Chi era don Giuseppe Diana, perché è stato ucciso e da chi? La sua storia ha ispirato la famosa fiction Rai dal titolo “Per amore del mio popolo” e nel corso dell’ultima Giornata della memoria e dell’impegno nel ricordo delle vittime della mafia è stata citata dal presidente Sergio Mattarella come esempio di coraggio.

Chi era don Giuseppe Diana

Nato a Casal di Principe, nel Casertano, il 4 luglio 1958, Giuseppe Diana, per tutti “Peppe o Peppino” fu ordinato sacerdote nel marzo 1982. Nel 1989 divenne il parroco della Chiesa di San Nicola di Bari del suo paese d’origine. Lì fu ucciso la mattina del 19 marzo del 1994, giorno del suo onomastico.

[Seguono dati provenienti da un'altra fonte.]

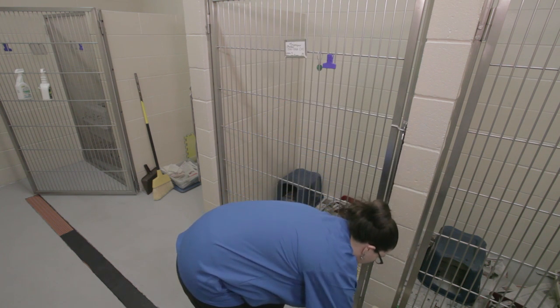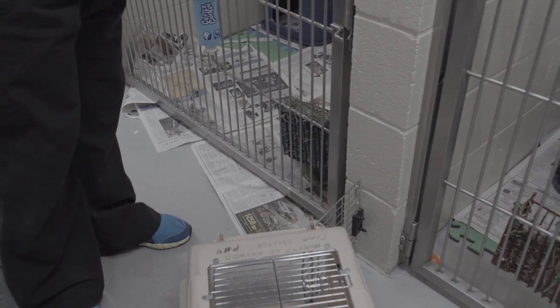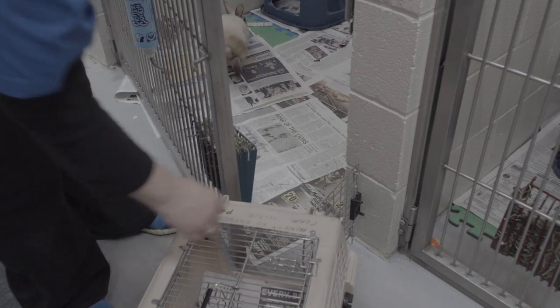Okay, so we're going to start with removing the bunny. Got a little cage here. Open the cage into the kennel there, so you can just hop on in or not.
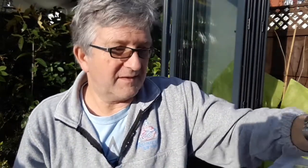I thought that might interest people — it rooted in pure perlite, nothing else. At least it stopped any bugs developing in the soil. So we'll get that potted up in a while.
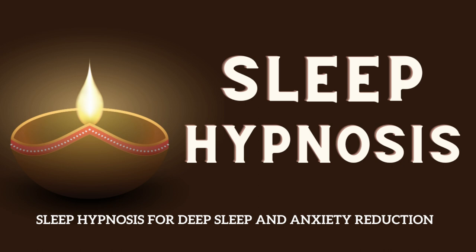Let any tension or stress melt away. Now allow this comforting light to move down to your jaw and your neck, gently releasing any tightness or strain. Feel the neck muscles relaxing and softening as the relaxation spreads further down, moving into your shoulders and upper back.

Dall’altare, oltre a predicare il Vangelo, aveva iniziato a condannare apertamente il clan camorristico dei Casalesi, che sul territorio, grazie alla figura di Francesco Schiavone, detto “Sandokan”, era riuscito in quegli anni ad infiltrarsi nei settori nevralgici dell’economia e della politica locali.

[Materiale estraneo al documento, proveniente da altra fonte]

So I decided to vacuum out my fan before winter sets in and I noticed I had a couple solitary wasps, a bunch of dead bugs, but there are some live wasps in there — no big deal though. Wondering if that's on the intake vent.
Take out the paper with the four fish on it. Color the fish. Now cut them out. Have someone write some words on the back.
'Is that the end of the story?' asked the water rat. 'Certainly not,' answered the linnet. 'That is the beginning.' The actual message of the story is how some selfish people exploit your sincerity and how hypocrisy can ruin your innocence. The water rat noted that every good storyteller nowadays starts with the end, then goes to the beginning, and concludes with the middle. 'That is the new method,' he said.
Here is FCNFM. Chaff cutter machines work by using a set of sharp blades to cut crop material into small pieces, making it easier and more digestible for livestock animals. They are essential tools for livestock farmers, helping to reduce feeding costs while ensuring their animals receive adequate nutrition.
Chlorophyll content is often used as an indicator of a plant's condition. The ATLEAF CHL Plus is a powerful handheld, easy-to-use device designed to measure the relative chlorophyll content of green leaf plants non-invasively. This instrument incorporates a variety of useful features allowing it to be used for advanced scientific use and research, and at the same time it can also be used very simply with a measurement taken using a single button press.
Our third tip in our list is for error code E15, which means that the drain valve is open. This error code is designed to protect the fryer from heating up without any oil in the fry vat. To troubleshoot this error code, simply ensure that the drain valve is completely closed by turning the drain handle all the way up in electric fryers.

Non si trattava di sole parole: don Diana parlava con la gente, con i giovani soprattutto, invitandoli a non tacere, a ribellarsi, ma era anche attivo e aiutava i poveri, gli immigrati, perché aveva capito che “dove c’è mancanza di regole e di diritto” si afferma la sopraffazione. Si appellava ai mafiosi chiedendo loro di farsi da parte, li invitava a pentirsi, a cambiare strada.

Una lotta aperta, culminata, nel Natale del 1991, nella pubblicazione di una lettera dal titolo “Per amore del mio popolo”, scritta con altri sacerdoti del luogo per denunciare i traffici illeciti per la compravendita di sostanze stupefacenti della zona.

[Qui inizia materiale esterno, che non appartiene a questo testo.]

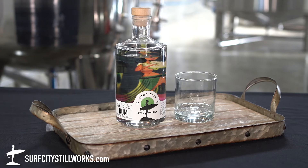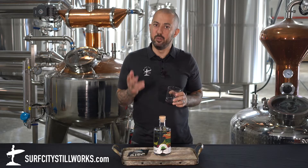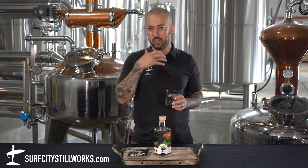Anytime you're tasting a spirit for the first time, I really recommend pouring yourself a neat pour. You can get the aroma first. Then take two sips. The first one is really to coach your palate, coach your tongue. The second one you're actually getting your first impression on.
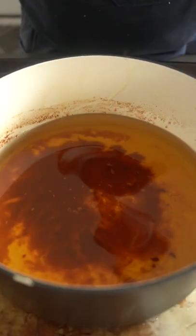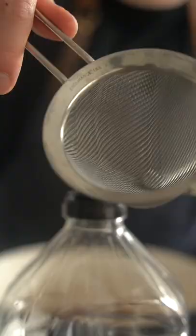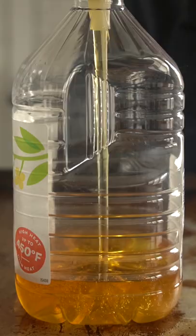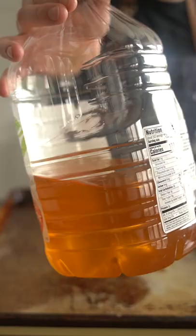Oil for frying can get really expensive, so to recycle it you're gonna want to first let it cool down completely. Then stick a funnel and strainer inside an appropriately sized storage bottle or jar and filter the oil through it. Doing this ensures all the gnarly bits and other large particulate matter does not sneak its way back into the cleaned oil.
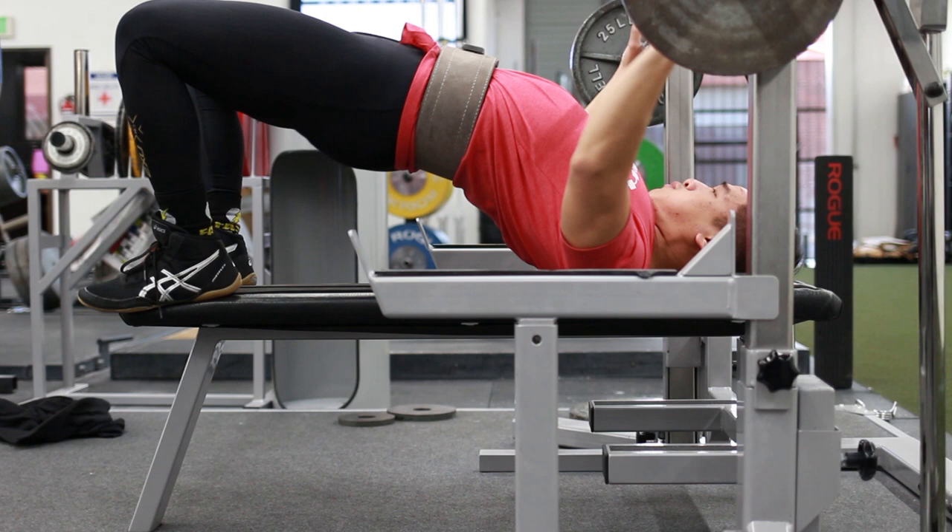I want to talk about in the next video the different styles of leg drive. Some people utilize leg drive the whole rep - like myself - where as I'm lowering the weight, pausing, and pressing, I'm trying to drive my legs into the ground the whole time. Some people time it just for the press, pushing right off the chest with their legs. And some people do it kind of in between - pressing with the legs on the way down, letting off on the chest, sinking the bench, then initiating leg drive again when they press after the pause. I'll cover that in the next video and how to choose based on your own anatomy.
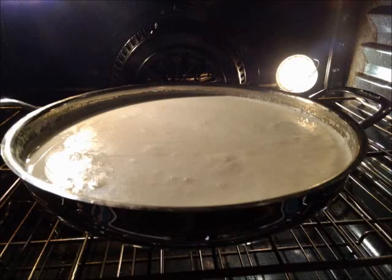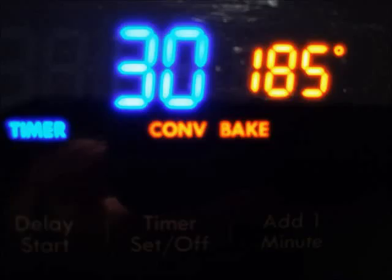When you start cooking you have to get it up to 185 degrees. Go slow or it'll scorch, then you put it into the oven where it stays for about 30 minutes at 185 degrees.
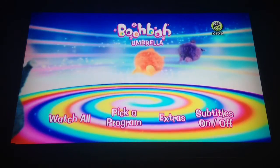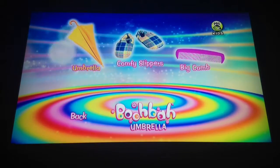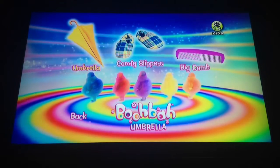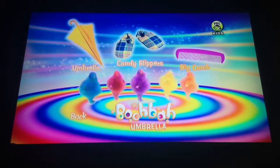Pick a program. And the episodes are Umbrella, Comfy Slippers, and Big Cone.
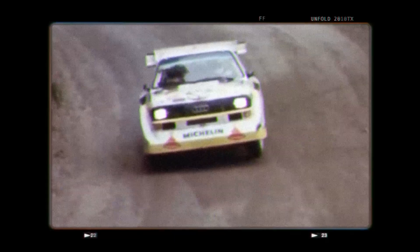It got a huge turbo, Kevlar reinforced body panels, and 12.6 inches chopped off the wheelbase to make it more maneuverable on the rally stages. By 1986, the Rally Sport Quattro was making 500 horsepower and sprouted a huge rear wing and front splitter for more downforce.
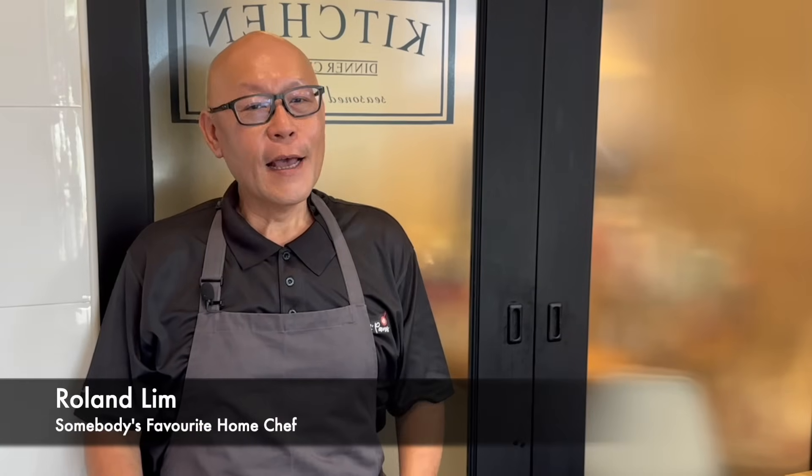Hi and welcome to Spice and Pans. Today we'll be cooking stir-fried scallion chicken.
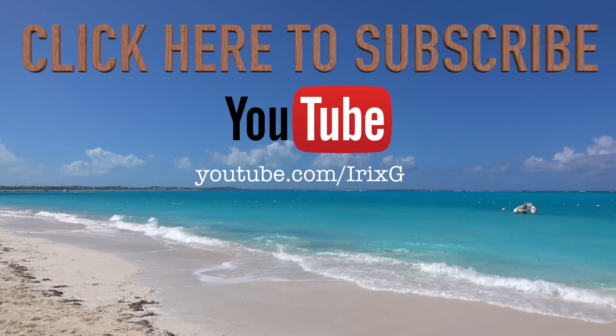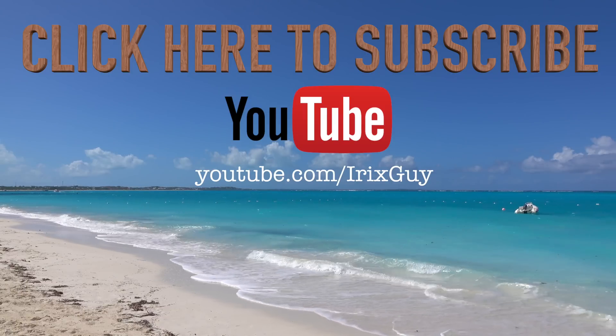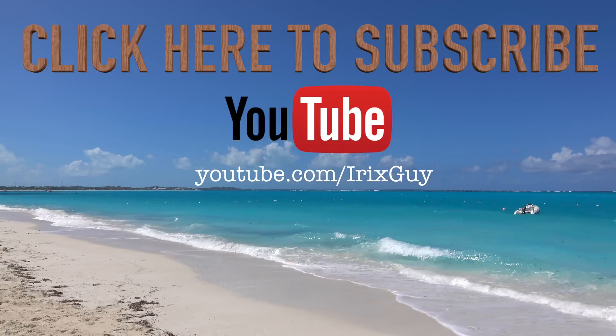Stay tuned. You can count on me at youtube.com/iRickSky because I'm going to take that thing apart from a performance perspective in the field to ensure it meets or exceeds my expectations. Because if it doesn't, you will see it. And if it does, I can't wait to see what GoPro brings to the table. Thanks for watching and be sure to subscribe at youtube.com/iRickSky. Y'all have a good day.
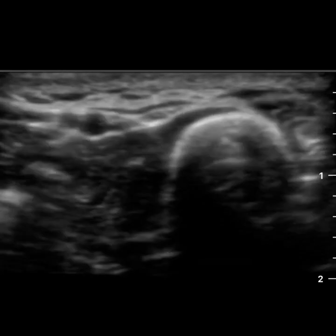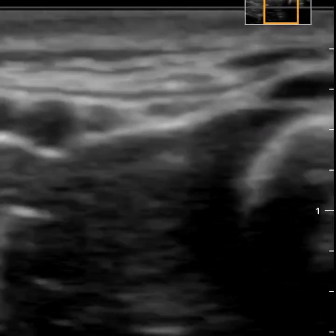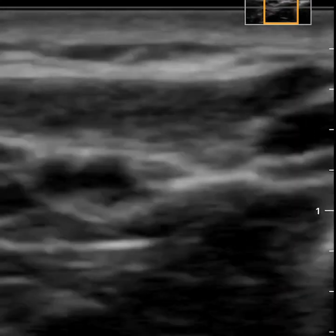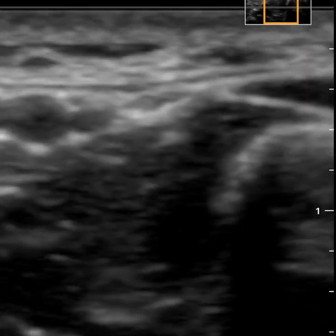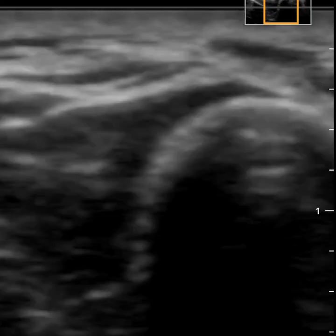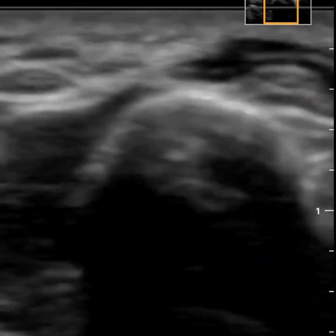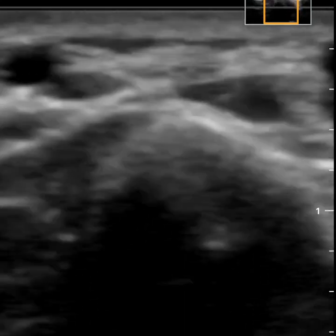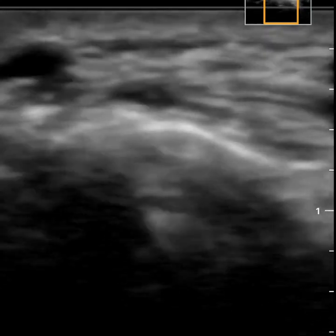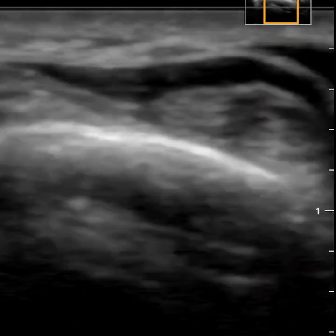I started to play around with it to see if the zoom function was also helpful. I zoomed in and in the top right corner you can see the little thumbnail. Zooming really doesn't do anything for the grayscale image — the dynamic range doesn't change at all, and it's not really helpful for those sub-centimeter lesions or structures you're looking at.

La Camorra oggi è una forma di terrorismo che incute paura, impone le sue leggi e tenta di
diventare componente endemica nella società campana,

recita il testo, diventato un vero e proprio testamento spirituale del sacerdote, eliminato in quanto “personaggio scomodo“.

Perché don Giuseppe Diana è stato ucciso e da chi

La mattina del 19 marzo 1994, il giorno di San Giuseppe, don Diana fu assassinato nella sacrestia della chiesa di San Nicola mentre si preparava a celebrare la santa messa: dei camorristi lo avvicinarono e gli spararono contro cinque proiettili, due alla testa, uno al volto, uno alla mano e uno al collo.

Il suo omicidio suscitò scalpore in tutta Italia e fu seguito da una serie di depistaggi: si cercò di far passare il messaggio che don Diana fosse, in realtà, un malvagio, che frequentasse prostitute e attirasse bambini, custodendo le armi che altri usavano per spargere sangue mentre fingeva di combattere i mafiosi.

Lo si accusò addirittura di essere lui stesso un camorrista. Le indagini dimostrarono che erano tutte falsità: nel 2003 fu condannato come mandante del suo omicidio Nunzio De Falco, detto “O’ Lupo”, storico volto dei Casalesi. Giuseppe Quadrano, Mario Santoro e Francesco Piacenti furono invece condannati come esecutori materiali: il primo a 14 anni perché collaboratore di giustizia, gli altri all’ergastolo.

Le iniziative in occasione del trentennale dell’omicidio

Negli anni a don Diana sono stati dedicati i progetti più disparati. Ad accomunarli è la volontà di costruire comunità alternative alla camorra, scopo che lui, per primo, ha portato avanti con la sua Chiesa prima del suo omicidio, di cui quest’anno ricorrono i trent’anni.

Per l’occasione a Casal di Principe il prossimo 19 marzo si terrà una messa commemorativa che culminerà in una marcia degli studenti fino al cimitero locale e si chiuderà con le parole di don Luigi Ciotti, fondatore di “Libera”. Poi ci sarà un incontro sul documento “Per amore del mio popolo” con i sacerdoti della Feronia. In tv sarà invece mandato in onda in anteprima il documentario realizzato da Tv2000 “L’altra parola di don Peppe Diana”.